Exercise aim: From the line that contains "Casa em Praia" through the line that contains "Enlarge photo 49", output every line of the listing below exactly and leave out all the rest.

Extracted material:
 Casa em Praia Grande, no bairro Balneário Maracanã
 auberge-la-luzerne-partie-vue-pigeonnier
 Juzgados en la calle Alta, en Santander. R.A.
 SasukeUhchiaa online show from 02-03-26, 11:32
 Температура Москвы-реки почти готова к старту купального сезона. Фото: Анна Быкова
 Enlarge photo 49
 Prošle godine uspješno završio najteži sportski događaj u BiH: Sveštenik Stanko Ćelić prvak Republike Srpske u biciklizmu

* * *

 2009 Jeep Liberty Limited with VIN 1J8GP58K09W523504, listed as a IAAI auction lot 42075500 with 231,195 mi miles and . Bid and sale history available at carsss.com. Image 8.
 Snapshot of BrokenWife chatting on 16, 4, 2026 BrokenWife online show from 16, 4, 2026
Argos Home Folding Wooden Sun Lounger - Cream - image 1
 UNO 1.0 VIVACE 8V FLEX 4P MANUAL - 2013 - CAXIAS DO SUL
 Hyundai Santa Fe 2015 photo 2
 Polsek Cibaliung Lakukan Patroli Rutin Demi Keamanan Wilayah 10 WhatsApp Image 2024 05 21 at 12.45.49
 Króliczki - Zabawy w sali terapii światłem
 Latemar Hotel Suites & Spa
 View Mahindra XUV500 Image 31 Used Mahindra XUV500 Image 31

---

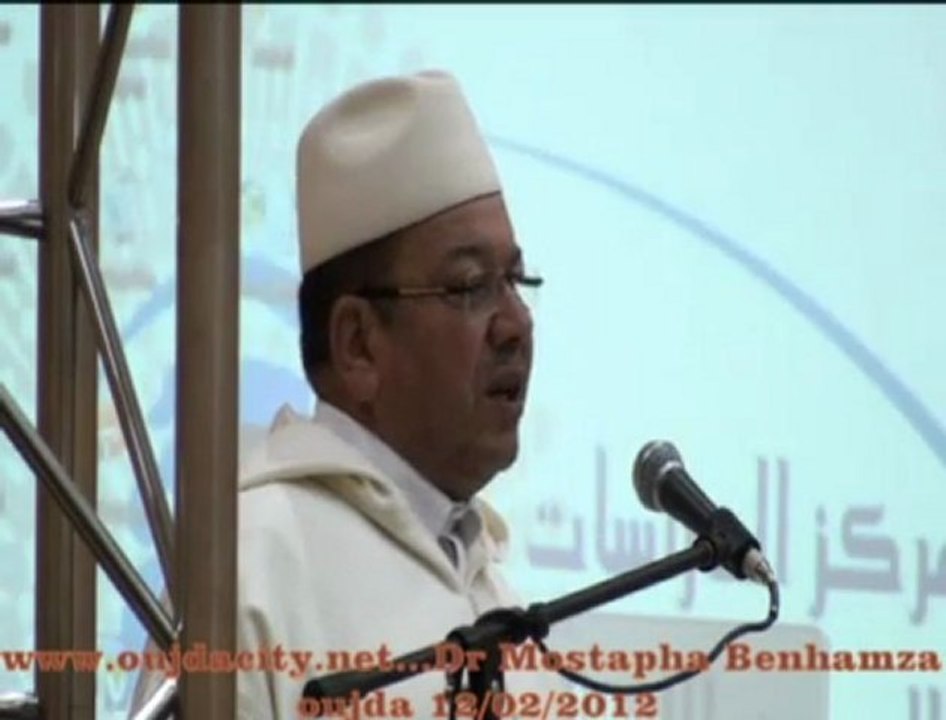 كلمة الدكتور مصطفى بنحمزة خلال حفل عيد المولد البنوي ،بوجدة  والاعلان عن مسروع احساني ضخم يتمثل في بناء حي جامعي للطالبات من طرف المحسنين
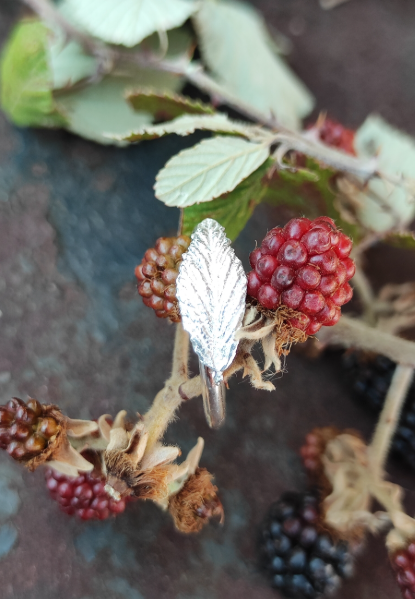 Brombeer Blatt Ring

Your solution:
 Casa em Praia Grande, no bairro Balneário Maracanã
 auberge-la-luzerne-partie-vue-pigeonnier
 Juzgados en la calle Alta, en Santander. R.A.
 SasukeUhchiaa online show from 02-03-26, 11:32
 Температура Москвы-реки почти готова к старту купального сезона. Фото: Анна Быкова
 Enlarge photo 49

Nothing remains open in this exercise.